Pengamat Sebut Ekonomi Indonesia Sudah Rapuh
Tekanan terhadap nilai tukar rupiah yang sempat menembus level Rp17 ribu per dolar Amerika Serikat memunculkan beragam respons dari pelaku pasar dan pengamat ekonomi. Namun, ekonom Dipo Satria Ramli menilai kondisi tersebut tidak bisa sepenuhnya dibebankan kepada pemerintahan Presiden Prabowo Subianto saat ini.

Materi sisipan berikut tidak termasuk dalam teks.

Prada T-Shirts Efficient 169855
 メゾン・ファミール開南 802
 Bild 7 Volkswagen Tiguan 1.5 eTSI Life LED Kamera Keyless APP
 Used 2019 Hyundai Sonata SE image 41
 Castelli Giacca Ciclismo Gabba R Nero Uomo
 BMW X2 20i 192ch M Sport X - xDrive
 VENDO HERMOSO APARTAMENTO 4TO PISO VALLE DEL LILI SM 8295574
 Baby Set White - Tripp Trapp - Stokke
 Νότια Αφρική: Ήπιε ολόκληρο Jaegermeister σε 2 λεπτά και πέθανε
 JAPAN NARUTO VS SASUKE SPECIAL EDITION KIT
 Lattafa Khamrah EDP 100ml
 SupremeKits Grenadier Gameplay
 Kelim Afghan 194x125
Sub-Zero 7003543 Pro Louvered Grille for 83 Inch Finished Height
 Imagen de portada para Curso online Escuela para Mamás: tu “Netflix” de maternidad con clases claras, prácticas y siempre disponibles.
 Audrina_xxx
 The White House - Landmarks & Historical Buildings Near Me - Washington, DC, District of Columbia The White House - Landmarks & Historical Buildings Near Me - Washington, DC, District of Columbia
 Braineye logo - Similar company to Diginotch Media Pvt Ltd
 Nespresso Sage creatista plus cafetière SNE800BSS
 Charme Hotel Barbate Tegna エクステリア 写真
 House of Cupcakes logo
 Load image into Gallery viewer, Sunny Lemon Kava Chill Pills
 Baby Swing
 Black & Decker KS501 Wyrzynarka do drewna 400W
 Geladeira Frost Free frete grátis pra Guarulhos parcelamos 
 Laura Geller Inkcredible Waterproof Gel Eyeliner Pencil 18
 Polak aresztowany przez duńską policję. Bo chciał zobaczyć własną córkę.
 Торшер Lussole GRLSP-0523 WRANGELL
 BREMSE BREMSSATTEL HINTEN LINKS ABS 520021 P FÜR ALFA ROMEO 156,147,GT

Menurut Dipo, pelemahan rupiah merupakan akumulasi persoalan ekonomi yang telah terbentuk sejak beberapa tahun terakhir dan kini menjadi beban yang harus dihadapi pemerintah baru. Ia menilai kondisi fundamental ekonomi nasional memang sudah rapuh sebelum tekanan global kembali meningkat.
“Ini bukan murni kesalahan pemerintah saat ini, tapi memang ada dosa-dosa pemerintahan sebelumnya,” ujar Dipo dalam wawancara di kanal YouTube milik Abraham Samad, Minggu (24/5/2026).
Ia menjelaskan, pemerintahan saat ini tengah menjalankan strategi ekspansi fiskal melalui peningkatan belanja negara guna menjaga pertumbuhan ekonomi tetap bergerak. Langkah tersebut dilakukan di tengah perlambatan ekonomi global dan ketidakpastian pasar internasional.
“Pemerintah sekarang memang agresif, belanja pemerintah jor-joran. Strateginya ingin menggenjot pengeluaran supaya ekonomi tumbuh,” katanya.
Dipo menilai kebijakan belanja besar-besaran memang dapat mendorong konsumsi dan aktivitas ekonomi domestik. Namun di sisi lain, strategi itu membutuhkan pembiayaan yang tidak sedikit sehingga memperbesar tekanan terhadap fiskal negara.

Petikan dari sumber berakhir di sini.